Xformers time was slightly better generation time than opt sdp attention even though it's saying it has higher it/s

vladmandic commented 1 year ago

progressbar in console show real-time it/s for each step. but only for that step. benchmark resutls are measured end-to-end. so there is init/preprocess/actual run/postprocess. you need to compare all those steps. i cant dig into a1111, but it sounds like init time with xformers was substantial, so overall result is lower.

Jordain commented 1 year ago

Thanks your reply Vlad. Sorry, trying to understand your post.

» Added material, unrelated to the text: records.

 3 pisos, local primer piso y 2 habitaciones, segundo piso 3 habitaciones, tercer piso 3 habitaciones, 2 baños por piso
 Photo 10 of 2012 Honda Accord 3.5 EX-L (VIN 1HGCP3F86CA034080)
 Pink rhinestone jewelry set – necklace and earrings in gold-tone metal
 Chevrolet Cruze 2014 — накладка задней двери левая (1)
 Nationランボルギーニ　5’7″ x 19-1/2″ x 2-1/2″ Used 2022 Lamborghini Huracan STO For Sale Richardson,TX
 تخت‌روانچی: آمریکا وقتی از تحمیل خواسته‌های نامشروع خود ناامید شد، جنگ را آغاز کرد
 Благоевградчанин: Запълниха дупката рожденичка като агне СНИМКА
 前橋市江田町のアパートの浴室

Does that mean that Auto1111 does not record the init time in the time displayed after the image is generated?

So does that mean the performance from --opt-sdp-attention is better than --xformers?

I am just testing image generation with a batch of 1 to record the times and looking at the difference between 16.46 and 13.18. I would assume there would be a difference in the time it takes to generate that 1 image. However the results are quite similar with --xformers of a it/s of 13.18 slightly beating the --opt-sdp-attention 16.46 it/s.

I feel like I am missing something or I am not understanding the it/s benchmark output.

vladmandic commented 1 year ago

It means thar it/s in console log progress bar is only partial information and needs to be agrrefated with full run info.

Jordain commented 1 year ago

Ok thanks, I understand that. I am looking at the WebUI for the time it takes instead of the console it/s times. This is were I see the time output. image

vladmandic commented 1 year ago

i would have to dig in how webui measures that time, but as far as i know it looks at operation begin/end which again does not include all init time (but does include pre/post processing).

Jordain commented 1 year ago

I was looking at the benchmark results again and I notice that xformers still show up as (xformers:0.0.20) on both the --opt-sdp-attention and --xformers under libraries. Do you think that might be the reason why they have similar times using both? I can try to uninstall xformers and see if I get different results.

vladmandic commented 1 year ago

a lot of libraries are going to force-load xformers even if you chose not to use them. so yes, its best bet not to have them installed if you're not using them.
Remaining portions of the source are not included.